I saw Dennis Miller live once. I think. No, I’m sure I did. It was a long time ago. I don’t know who I went with. I don’t know what theater. I don’t have any pictures. And I remember only one thing about it. After his set was over, he walked off stage and then immediately back on, saying he was going to spare us the encore bullshit. Did he think he wouldn’t get an encore? I don’t know. Either way, well played.

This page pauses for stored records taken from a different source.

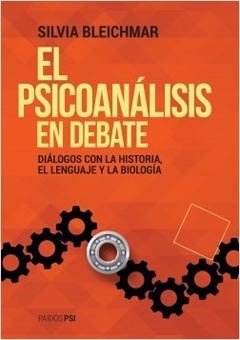 PSICOANALISIS EN DEBATE, EL.BLEICHMAR, SILVIA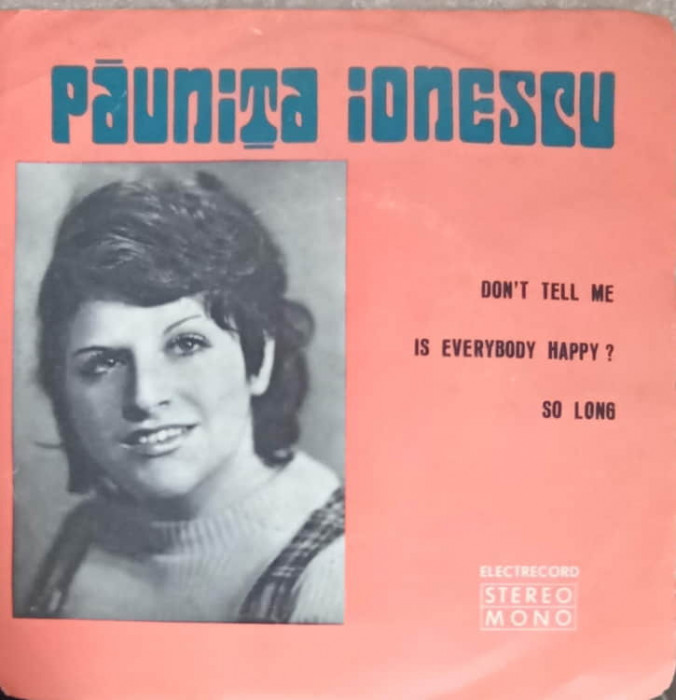 Disc vinil, LP. Don&#039;t Tell Me. Is Everybody Happy? So Long-PAUNITA IONESCU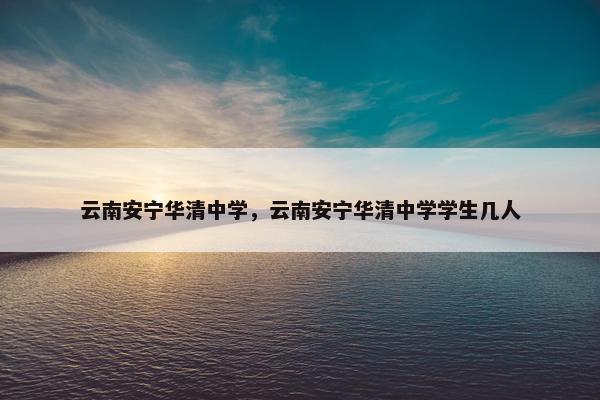 云南安宁华清中学，云南安宁华清中学学生几人
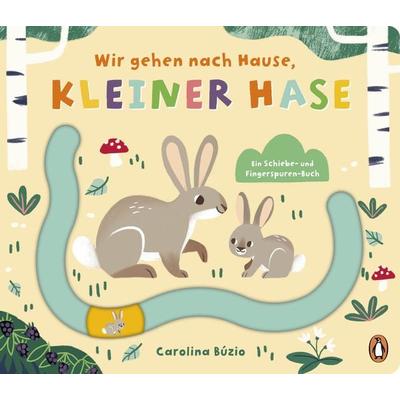 Wir gehen nach Hause, kleiner Hase, Gebundene Ausgabe von Carolina Búzio, Penguin Junior, 978-3-328-30261-2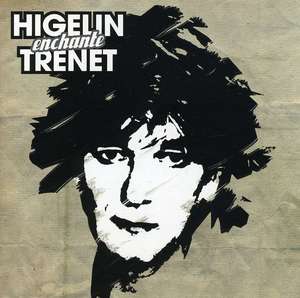 

HIGELIN, JACQUES - Higelin Enchante Trenet, 1 CD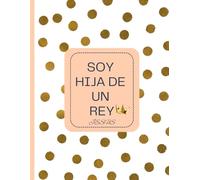 Cuaderno o libreta con Frase Soy Hija de un Rey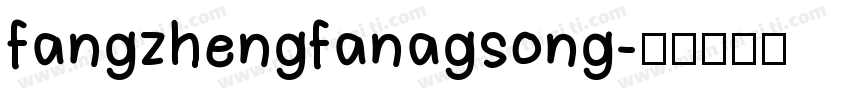 fangzhengfanagsong字体转换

Last week, Shaun and I saw the Alton Brown Live: Eat Your Science tour at the Paramount. I’m writing it down because I feel that may be the only way I remember it five or ten or twenty year from now. Although I may remember that at the end of the show, just as he was wrapping up, there was a mass exodus of people, and Alton had to ask people to stay for one last song. (Yes, song.) I think that’s the only time I’ve been at a show where the performer had to ask people to stay. Nobody was leaving during the show that I noticed, but the whole production seemed lackluster. We went to see him talk about food, and instead we got off-key comedy-musical stylings (Allan Sherman would not be jealous) and a couple of silly, large-scale food experiments, with volunteers from the audience who had to go backstage for a costume change and came back in protective smocks and miraculously full of witty one liners. As we were leaving the theater, we heard another couple say that this live show was very different and not as good as his last two years ago.
I always thought Good Eats was a well done show, and I appreciated his explanations of cooking techniques. Some of Alton’s recipes are some of the best dishes I’ve ever eaten. Yet he’s much more into inventing elaborate cooking techniques and using non-traditional hardware because he can, and it’s not for me. And that’s what the show felt like. He did it because he could, and it wasn’t for me.